Tak dapat disangkal, Ki Ageng Henis diyakini sebagai salah satu cikal-bakal yang memulai babat alas keraton Pajang dan sekaligus menyebarkan da’wah agama Islam sebelum keraton berpindah ke desa Sala. Meski hingga kini tak terlacak dalam kitab apa yang menyebut dengan benderang perihal itu, kecuali folklore.
Menurut, arsitek pengajar di Universitas Tarumanegara, salah satu peziarah yang gemar melakukan penelitian bangunan kuno di Jawa, menyebutkan pemerintah perlu memperhatikan dengan serius situs peninggalan masa lalu.
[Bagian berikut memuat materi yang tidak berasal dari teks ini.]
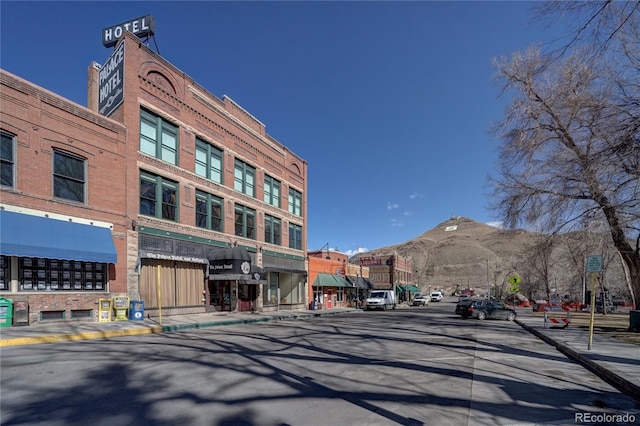 204 N F St Unit D3, Salida, CO 81201 - view of building exterior featuring a mountain view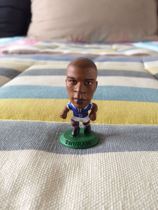 Corinthian Microstars France Thuram football Doll Doll hand doll green 465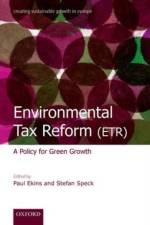 Environmental Tax Reform (ETR)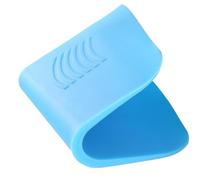 Caulking Finishing Tool, Caulking Applicator Tool - Grout Application Tool Caulk Tool Brick Filler Grout Applicator | Home Improvement Tool for Manual Caulking Finisher, White Caulking Scraper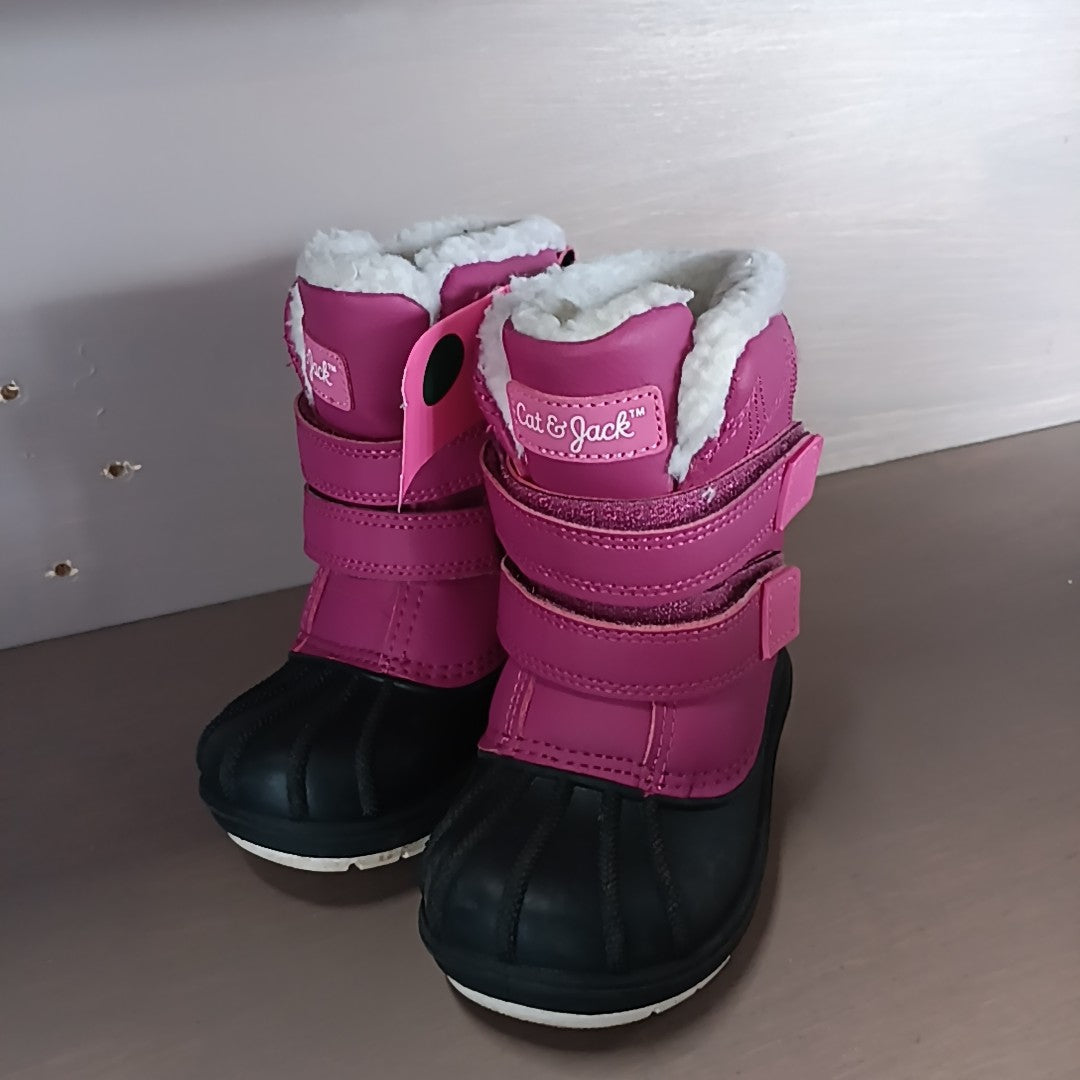 Cat & Jack 7C Boots
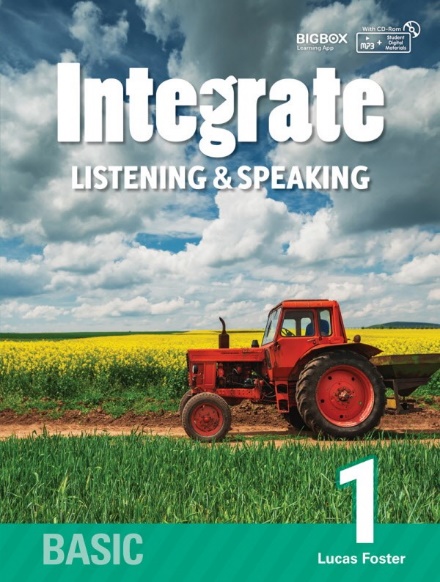 Integrate Listening & Speaking Level Basic 1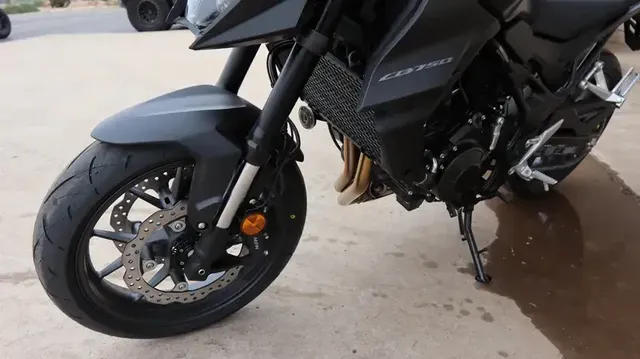 New 2025 Honda CB750 HORNET MATTE BLACK METALLIC | Family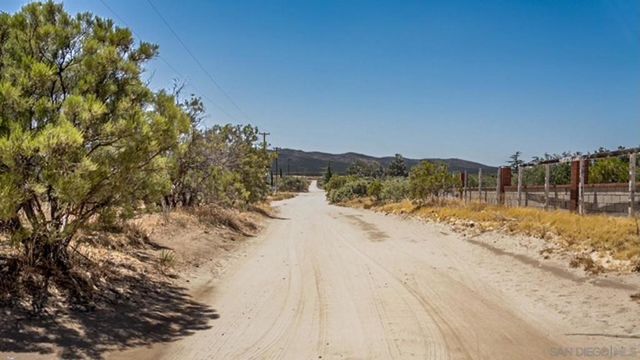59445 Grandon, Anza, CA 92539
Tidak hanya di sekitar Kota Solo, tetapi juga di wilayah lain di Jogyakarta dan tempat-tempat lain.
“Bila pemerintah tidak memperhatikan bangunan lawas, bisa jadi bangunan lama akan rontok dimakan usia. Itu salah satu tugas utama pemerintah dalam menjaga warisan budaya yang juga sekaligus menjadi warisan dunia,” ujar Priatmodjo, “termasuk warisan berupa candi dan bangunan keraton.”
Meski bangunan di masa lalu dibangun berdasar cerita dari mulut ke mulut zaman kerajaan Pajang yang telah rontok, toh pada kenyataannya nama Ki Ageng Henis diyakini sebagai tonggak sejarah dunia perbatikan di Kota Solo. Konon kabarnya, ujar dia lebih lanjut, dalam sejarah masalalu Kerajaan Pajang, Ki Ageng Pemanahan, Ki Juru Martani dan Ki Panjawi dianggap paling berjasa pada sultan Pajang, Hadiwidjaja alias Jaka Tingkir.
“Ketiga ‘pendekar’ masing-masing dianugerahi tanah di Pati, Mataram dan tanah perdikan Lawean oleh Sultan Hadiwijaya,” katanya. Ki Panjawi dihibahi tanah di Pati, Ki Ageng Pamanahan diberi tanah Mataram, sedangkan Ki Ageng Henis dianugerahi tanah perdikan Laweyan. Lantaran ketiganya berhasil membunuh Arya Panangsang dari Jipang, musuh Sultan Hadiwijaya.”
Seperti disebut dalam teks sejarah, pada masa kesultanan Pajang, Kyai Ageng Henis mendapat tanah perdikan di Laweyan oleh Sultan Hadiwidjaja dan memperoleh jabatan sebagai adipati. Rasanya tepat bila dikatakan, sejak dari dahulu memang pemerintah terutama para pejabat yang mengelola dinas kebudayaan, abai terhadap peninggalan sejarah masalalu. Apalagi bila dikaitkan dengan nilai kesakralan agama Islam, lihatlah betapa muramnya tempat distinasi wisata sebuah bangunan masjid di Lawiyan. Tidak elok rasanya bila jelang peringatan maulid nabi, tak satupun para pejabat menyambangi masjid Lawiyan menata area agar tak terlihat kumuh.